2017.11.03

【ルヴァン杯決勝 プレビュー】「勝負強さ」を備えた鬼木フロンターレ…準優勝7度の過去と“決別”の時

川崎の歴史を誰よりも知る中村憲剛。悲願のタイトルを狙う [写真]=Getty Images
川崎フロンターレの取材を中心に活動。将棋界にも精通。著書に「将棋でサッカーが面白くなる本」(朝日新聞出版)。「川崎フロンターレあるある1&2」、「将棋ファンあるある」(TOブックス)。「サッカー脳を育む」(中村憲剛/ぴあ)では企画&構成も担当。将棋はアマ三段(日本将棋連盟三段免状所有)。

 8年越しのJリーグYBCルヴァンカップ・ファイナルの舞台となる。

 3大タイトルのうち、クラブは過去7度の準優勝を味わっている。ただ、それはあくまで“過去”の歴史だ。現在所属している選手たちの体験にある悔しさの源は、昨年のJリーグチャンピオンシップ準決勝や元日の天皇杯決勝である。そして今年の鬼木フロンターレは、あの時の悔しさからスタートしたと言っても過言ではない。クラブのバンディエラである中村憲剛が言う。

中村憲剛

天皇杯決勝は延長戦の末に敗れた [写真]=Getty Images

「あの悔しさから足りなかったものをオニさん(鬼木達監督)が植え付けてくれた。その結果、ルヴァン決勝まで来れたと思っている。準決勝も本当に苦しかったが、最後の最後まであきらめずにやった。総合力で勝ち上がってきたし、そういう意味では、みんなでやってこれた」

 風間八宏前監督が築いたボールを保持する攻撃サッカーに、ボールを奪われた時の切り替えと球際の強さ、そして勝利への執念を加え、今年は「勝負強さ」も備わった。そうやって、ここまでたどり着いた。

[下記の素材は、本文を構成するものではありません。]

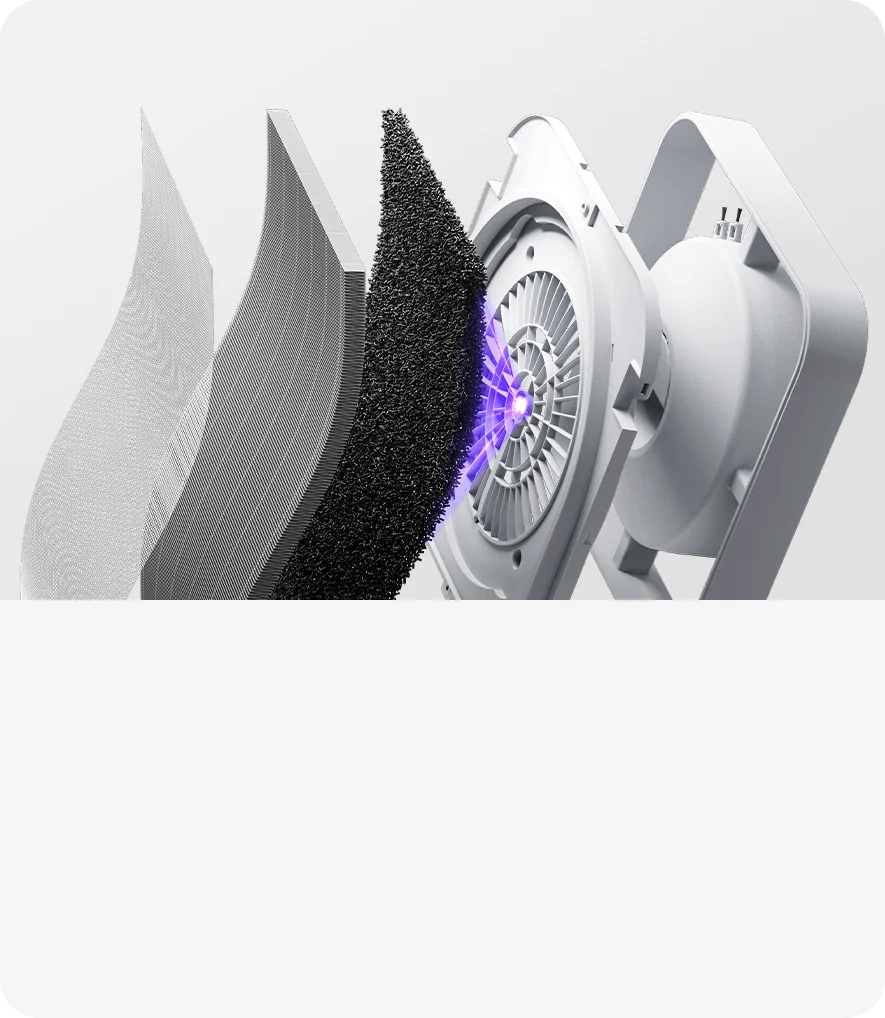 Официальная схема слоёв фильтрации Mijia Smart Air Purifier 6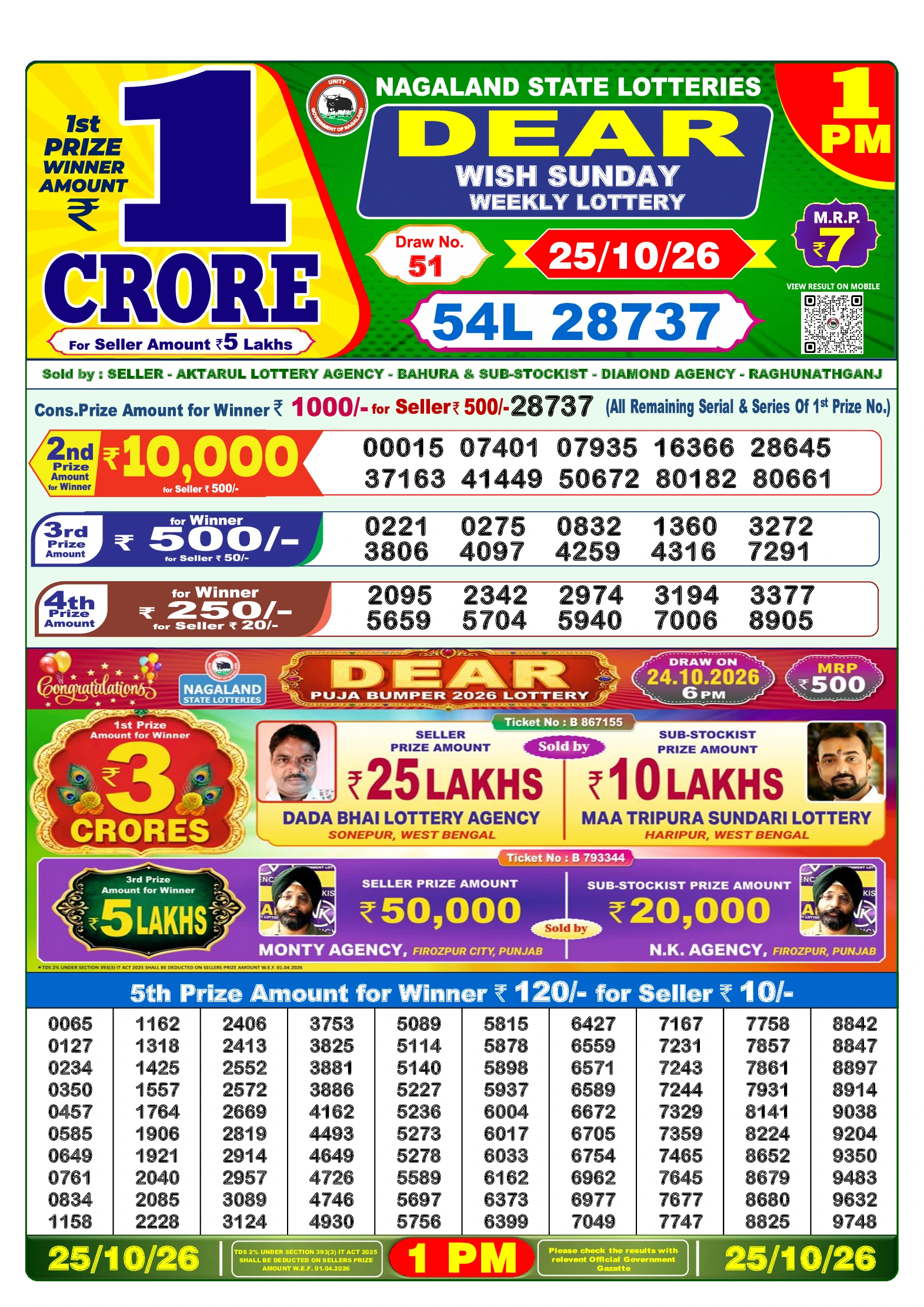 Selected Lottery Sambad result image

 この決勝戦は、準決勝で退場処分を受けた奈良竜樹が出場停止。その一方で、明治安田生命J1リーグ戦で2試合の出場停止だったエドゥアルド・ネットは出場可能だ。ケガで離脱中だった大島僚太、阿部浩之、チョン・ソンリョンら主力も復帰。全体練習に合流しているのは頼もしい限りだ。ガンバ大阪時代に3冠を経験している阿部は「監督が決めることですし」と断りを入れた上で、「ひざと相談しながら動ける状態を作ること。気持ち的には出たい」と出場意欲を覗かせている。そして、タイトルマッチ独特の難しさをこう語る。

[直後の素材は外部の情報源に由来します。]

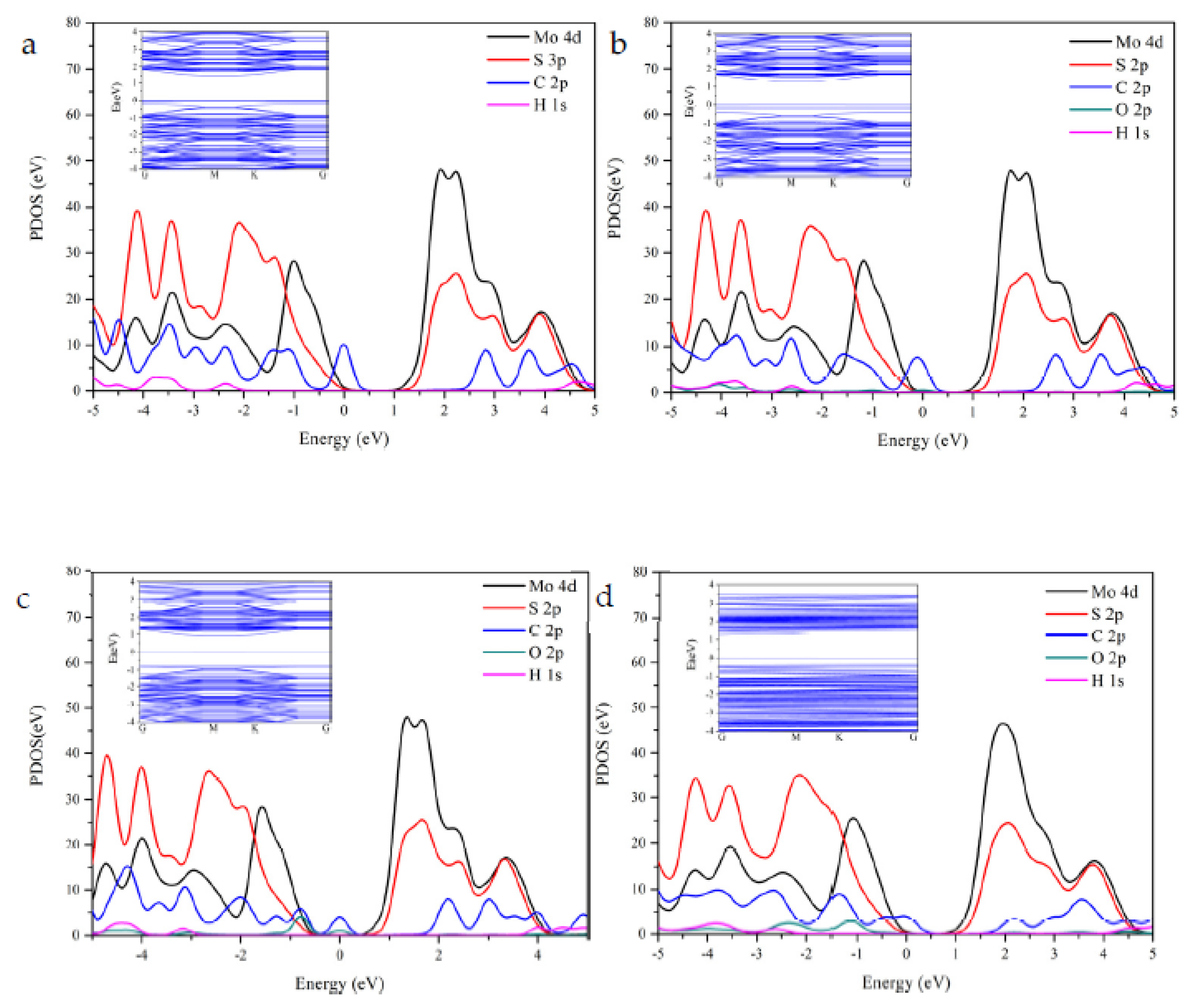 Catalysts 12 00456 g004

「優勝争いできるのは幸せなことだと思ってます。決勝にすら行けないチームは山ほどあるので。でも、そこで終わらずに、しっかりとタイトルを獲ることが大事。決勝で負けるのが一番悔しいですからね。死に物狂いでやること。決勝の内容はどうでもいいし、勝てばいいと僕は思ってます。その上で、内容も良くて、ウチのサッカーができればいいけど、そんなに甘くないので」

 セレッソ大阪にはJ1リーグ第28節で5-1と大勝しているが、阿部が指摘するように、決勝はまるで別の展開になると思って臨むべきだろう。となれば、鍵を握るのはセットプレーだ。今年、セットプレーはチームの重要な得点源となっている。その象徴がリーグ戦7ゴールを記録している谷口彰悟だが、その重要性を痛感したのが天皇杯決勝だったと明かす。

谷口彰悟

谷口はセットプレー時の貴重な得点源 [写真]=Getty Images

「天皇杯の決勝で鹿島に悔しい思いをした。どちらもセットプレーでやられたし、あの試合はほとんどのセットプレーからピンチになった。大事な試合になると、絶対にそういうところで差がつく。それを改めて感じた。あれからセットプレー練習もより厳しくなったし、みんなもより一層強くなった。それは要因かなと思います」

 そしてゴールへの意欲を誰よりも見せているのが主将の小林悠だ。クラブの歴史を塗り替えるための強い決意を語る。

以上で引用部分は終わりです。